Bryant cited the recent launch of Crunchy Nut cereal, which already has a 0.6 percent market share in a cereal market crowded with competing brands and product variations. He added that the new Mini-Wheats Touch of Fruit already has a 0.4 percent share. New cereal launches also included Rice Krispies Gluten Free cereal and FiberPlus Caramel Pecan Crunch. In its snack line, Kellogg has introduced Cheez-It Colby, Special K Crackers Chips and Kashi TLC Pita Crisps, among others.

“We are expecting the performance to get better,” said Bryant. “As we said, we have innovation coming out the back half of the year.”

2010 was “a very difficult” year for Kellogg, according to Bryant. A fire at a key plant led to a shortage of Kellogg’s popular Eggo waffles, and later there was a recall of millions of boxes of cereal due to an unusual odor related to the plastic internal packaging.

Almost two years ago, the Kellogg Co. opened its greatly expanded W.K. Kellogg Institute for Food & Nutrition Research facility on Hamblin Avenue in Battle Creek. Kellogg poured $54 million into the facility, resulting in a 157,000-square-foot pilot project plant and office space expansion. The institute originally opened in 1997 and now entails about 400,000 square feet, which includes chemistry laboratories, test kitchens and development labs. The new plant provides small-scale production experiments of potential new foods.

According to Margaret Bath, senior vice president of research, quality and technology, the institute “is the epicenter for Kellogg’s global product development, research and innovation and is an important driver of our company’s ongoing success.”

She said that since the opening of the institute in 1997, Kellogg has achieved many accomplishments and milestones.

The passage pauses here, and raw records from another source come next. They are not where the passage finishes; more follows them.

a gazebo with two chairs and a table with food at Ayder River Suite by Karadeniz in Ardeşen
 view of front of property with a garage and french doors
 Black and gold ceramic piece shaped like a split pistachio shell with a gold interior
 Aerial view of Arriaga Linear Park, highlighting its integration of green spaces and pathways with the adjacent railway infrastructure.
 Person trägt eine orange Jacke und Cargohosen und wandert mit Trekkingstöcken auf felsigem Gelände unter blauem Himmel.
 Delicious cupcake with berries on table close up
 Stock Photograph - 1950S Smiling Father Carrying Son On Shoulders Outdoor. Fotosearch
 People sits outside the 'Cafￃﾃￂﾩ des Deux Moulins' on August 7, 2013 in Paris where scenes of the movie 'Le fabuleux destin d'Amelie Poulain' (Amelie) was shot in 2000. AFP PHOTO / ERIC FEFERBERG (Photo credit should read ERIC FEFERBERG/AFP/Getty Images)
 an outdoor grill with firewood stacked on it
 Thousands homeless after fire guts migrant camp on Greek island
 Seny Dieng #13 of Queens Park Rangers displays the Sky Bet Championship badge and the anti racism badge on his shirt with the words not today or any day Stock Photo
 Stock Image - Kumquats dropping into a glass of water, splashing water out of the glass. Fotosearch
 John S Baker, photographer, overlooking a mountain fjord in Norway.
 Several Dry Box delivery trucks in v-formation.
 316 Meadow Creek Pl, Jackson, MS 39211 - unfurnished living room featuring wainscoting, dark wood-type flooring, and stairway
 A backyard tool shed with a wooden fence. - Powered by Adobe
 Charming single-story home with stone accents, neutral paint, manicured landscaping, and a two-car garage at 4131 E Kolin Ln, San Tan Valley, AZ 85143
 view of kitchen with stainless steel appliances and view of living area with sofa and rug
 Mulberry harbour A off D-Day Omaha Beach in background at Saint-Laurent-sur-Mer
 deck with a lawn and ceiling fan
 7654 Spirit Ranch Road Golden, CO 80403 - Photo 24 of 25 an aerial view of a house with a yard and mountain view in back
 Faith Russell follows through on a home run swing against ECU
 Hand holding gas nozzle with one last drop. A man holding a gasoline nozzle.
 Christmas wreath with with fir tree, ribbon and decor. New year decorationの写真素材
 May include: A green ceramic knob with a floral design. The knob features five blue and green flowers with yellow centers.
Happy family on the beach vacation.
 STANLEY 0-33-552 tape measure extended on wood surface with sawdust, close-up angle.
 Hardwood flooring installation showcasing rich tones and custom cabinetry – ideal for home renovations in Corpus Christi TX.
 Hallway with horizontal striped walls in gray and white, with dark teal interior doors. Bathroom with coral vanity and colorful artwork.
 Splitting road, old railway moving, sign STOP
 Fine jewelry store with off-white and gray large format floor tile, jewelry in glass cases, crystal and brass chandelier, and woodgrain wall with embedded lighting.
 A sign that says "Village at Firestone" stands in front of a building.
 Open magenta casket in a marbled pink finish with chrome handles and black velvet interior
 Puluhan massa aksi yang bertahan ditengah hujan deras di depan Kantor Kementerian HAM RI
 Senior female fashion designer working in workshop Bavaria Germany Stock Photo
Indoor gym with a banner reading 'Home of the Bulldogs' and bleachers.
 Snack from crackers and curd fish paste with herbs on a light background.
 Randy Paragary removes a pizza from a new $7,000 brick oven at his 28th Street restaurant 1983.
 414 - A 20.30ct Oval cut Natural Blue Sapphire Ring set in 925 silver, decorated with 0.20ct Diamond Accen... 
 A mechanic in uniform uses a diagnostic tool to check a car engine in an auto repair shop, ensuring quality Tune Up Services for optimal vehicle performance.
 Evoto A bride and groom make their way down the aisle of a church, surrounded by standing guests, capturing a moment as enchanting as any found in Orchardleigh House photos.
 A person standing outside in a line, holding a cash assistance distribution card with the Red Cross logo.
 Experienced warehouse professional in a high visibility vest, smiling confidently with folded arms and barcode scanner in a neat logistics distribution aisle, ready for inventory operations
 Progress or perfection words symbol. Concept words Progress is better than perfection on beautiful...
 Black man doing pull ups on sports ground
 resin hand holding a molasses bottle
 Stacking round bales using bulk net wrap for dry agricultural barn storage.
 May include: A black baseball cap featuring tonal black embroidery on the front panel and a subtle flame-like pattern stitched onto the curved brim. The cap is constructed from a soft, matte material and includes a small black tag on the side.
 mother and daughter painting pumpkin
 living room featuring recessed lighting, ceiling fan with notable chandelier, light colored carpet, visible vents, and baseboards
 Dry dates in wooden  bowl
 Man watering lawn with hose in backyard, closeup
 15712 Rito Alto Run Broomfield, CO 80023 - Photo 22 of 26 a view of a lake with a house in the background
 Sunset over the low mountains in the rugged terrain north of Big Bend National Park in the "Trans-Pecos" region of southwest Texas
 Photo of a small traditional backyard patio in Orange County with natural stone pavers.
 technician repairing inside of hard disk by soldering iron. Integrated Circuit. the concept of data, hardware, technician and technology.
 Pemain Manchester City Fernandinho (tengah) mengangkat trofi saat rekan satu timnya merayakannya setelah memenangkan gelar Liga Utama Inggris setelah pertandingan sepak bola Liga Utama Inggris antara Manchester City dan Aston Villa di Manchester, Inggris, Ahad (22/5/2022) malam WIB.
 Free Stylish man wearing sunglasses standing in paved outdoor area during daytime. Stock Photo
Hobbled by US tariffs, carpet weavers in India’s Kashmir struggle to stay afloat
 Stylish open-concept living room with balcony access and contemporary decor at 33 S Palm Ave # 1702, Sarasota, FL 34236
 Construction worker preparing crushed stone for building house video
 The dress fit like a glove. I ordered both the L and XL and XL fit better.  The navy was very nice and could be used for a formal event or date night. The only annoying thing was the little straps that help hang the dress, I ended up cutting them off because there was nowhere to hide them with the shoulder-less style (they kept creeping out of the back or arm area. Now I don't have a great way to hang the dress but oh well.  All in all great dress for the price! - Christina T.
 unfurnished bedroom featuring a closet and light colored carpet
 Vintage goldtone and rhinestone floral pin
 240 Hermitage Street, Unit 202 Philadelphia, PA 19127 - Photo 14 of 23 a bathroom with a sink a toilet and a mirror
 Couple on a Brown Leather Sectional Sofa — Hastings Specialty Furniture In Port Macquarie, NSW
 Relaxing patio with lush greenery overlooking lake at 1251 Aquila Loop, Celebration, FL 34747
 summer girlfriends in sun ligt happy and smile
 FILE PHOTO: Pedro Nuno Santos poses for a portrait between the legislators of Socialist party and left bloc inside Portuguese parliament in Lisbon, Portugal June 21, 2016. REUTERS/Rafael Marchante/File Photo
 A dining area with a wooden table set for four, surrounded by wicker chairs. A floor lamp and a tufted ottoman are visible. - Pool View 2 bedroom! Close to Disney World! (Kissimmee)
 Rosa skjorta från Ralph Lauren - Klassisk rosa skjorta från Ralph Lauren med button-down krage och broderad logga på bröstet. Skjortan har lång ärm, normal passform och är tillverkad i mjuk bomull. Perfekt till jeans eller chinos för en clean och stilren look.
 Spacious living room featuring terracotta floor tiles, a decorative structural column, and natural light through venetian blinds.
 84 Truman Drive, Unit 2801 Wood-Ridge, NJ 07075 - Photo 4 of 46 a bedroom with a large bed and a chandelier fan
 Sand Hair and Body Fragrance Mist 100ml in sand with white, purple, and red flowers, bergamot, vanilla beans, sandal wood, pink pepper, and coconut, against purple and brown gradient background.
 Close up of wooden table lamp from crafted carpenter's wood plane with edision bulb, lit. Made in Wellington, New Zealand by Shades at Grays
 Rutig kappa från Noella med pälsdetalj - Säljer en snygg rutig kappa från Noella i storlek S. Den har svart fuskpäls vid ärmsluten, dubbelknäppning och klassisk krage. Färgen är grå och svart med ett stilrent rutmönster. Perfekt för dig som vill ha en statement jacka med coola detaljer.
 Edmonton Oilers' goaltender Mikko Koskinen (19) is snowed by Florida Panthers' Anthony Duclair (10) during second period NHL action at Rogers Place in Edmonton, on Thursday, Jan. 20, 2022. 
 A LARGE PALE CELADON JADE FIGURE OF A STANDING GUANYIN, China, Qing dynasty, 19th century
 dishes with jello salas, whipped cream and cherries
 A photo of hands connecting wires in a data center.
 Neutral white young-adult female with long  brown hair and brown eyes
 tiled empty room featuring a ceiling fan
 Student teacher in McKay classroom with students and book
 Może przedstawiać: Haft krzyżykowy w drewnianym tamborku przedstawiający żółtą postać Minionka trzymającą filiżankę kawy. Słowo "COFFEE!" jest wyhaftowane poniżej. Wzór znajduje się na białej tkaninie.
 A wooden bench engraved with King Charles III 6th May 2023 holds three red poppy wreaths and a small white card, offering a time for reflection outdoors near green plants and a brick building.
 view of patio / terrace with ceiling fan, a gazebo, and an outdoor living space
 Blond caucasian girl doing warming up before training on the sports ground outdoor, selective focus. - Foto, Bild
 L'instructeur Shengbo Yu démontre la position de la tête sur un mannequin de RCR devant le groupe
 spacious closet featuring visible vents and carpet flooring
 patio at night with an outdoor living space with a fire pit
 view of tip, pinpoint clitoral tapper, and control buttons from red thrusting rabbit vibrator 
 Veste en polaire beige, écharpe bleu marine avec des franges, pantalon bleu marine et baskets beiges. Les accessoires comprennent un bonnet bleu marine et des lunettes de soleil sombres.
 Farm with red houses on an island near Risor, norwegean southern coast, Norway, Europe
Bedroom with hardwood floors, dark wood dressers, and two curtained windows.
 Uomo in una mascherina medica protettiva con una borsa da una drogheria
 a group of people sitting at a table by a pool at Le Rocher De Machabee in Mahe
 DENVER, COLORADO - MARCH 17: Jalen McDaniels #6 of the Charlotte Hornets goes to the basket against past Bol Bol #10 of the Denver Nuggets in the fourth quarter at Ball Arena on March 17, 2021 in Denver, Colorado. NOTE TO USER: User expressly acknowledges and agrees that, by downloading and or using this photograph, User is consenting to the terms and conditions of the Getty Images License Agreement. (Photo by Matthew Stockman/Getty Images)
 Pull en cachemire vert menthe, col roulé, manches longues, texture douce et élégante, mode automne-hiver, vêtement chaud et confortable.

“For example, we built Special K into a global brand, reduced sugar and sodium and increased fiber in many of our products. A wide variety of innovations and renovations have been created there, including ready-to-eat cereals, cookies, crackers, cereal bars, shakes and frozen foods,” she said.

Recent innovations that came out of the institute include products such as Keebler Fudge Granola bars and Cheez-It Colby crackers, among others.

More than 500 Kellogg scientists, engineers and technicians from more than 20 countries are involved in Kellogg product research and development. Their expertise includes cereal processing, bakery technology, sensory and consumer understanding, flavor chemistry, snack processing, packaging, food design, product development and food engineering, among others.

The 2010 annual report indicated that Kellogg spent $187 million on research, an investment that has delivered more than $800 million in new products, according to Bath.

The cereal colossus was born in 1906 when production of Kellogg’s Corn Flakes began at W.K. Kellogg’s new Battle Creek Toasted Corn Flakes Co. The ready-to-eat cereal innovation changed the way people eat breakfast, and Kellogg became a worldwide company in 1914. It continued to expand its operations and innovation throughout the years by acquiring the vegetarian-based Worthington Foods in 1999, and then the organic-based Kashi Co. in 2000. Kellogg also acquired Keebler Foods in 2001 — a large company whose roots were in a Philadelphia bakery in the 1850s — and brought the Cheez-It brand into the Kellogg fold.

Battle Creek, still known as Cereal City, also is home to Post breakfast cereals and Ralston Foods. Ralston (formerly Ralston-Purina) claims it is one of the largest manufacturers of store brand breakfast cereals. Ralston began making cereal more than 100 years ago and currently supplies more than 50 cold and hot cereal varieties that are sold under a wide variety of corporate and store labels.

Kellogg is easily the largest food-processing corporation in West Michigan, according to Birgit Klohs, president of The Right Place economic development agency in Grand Rapids.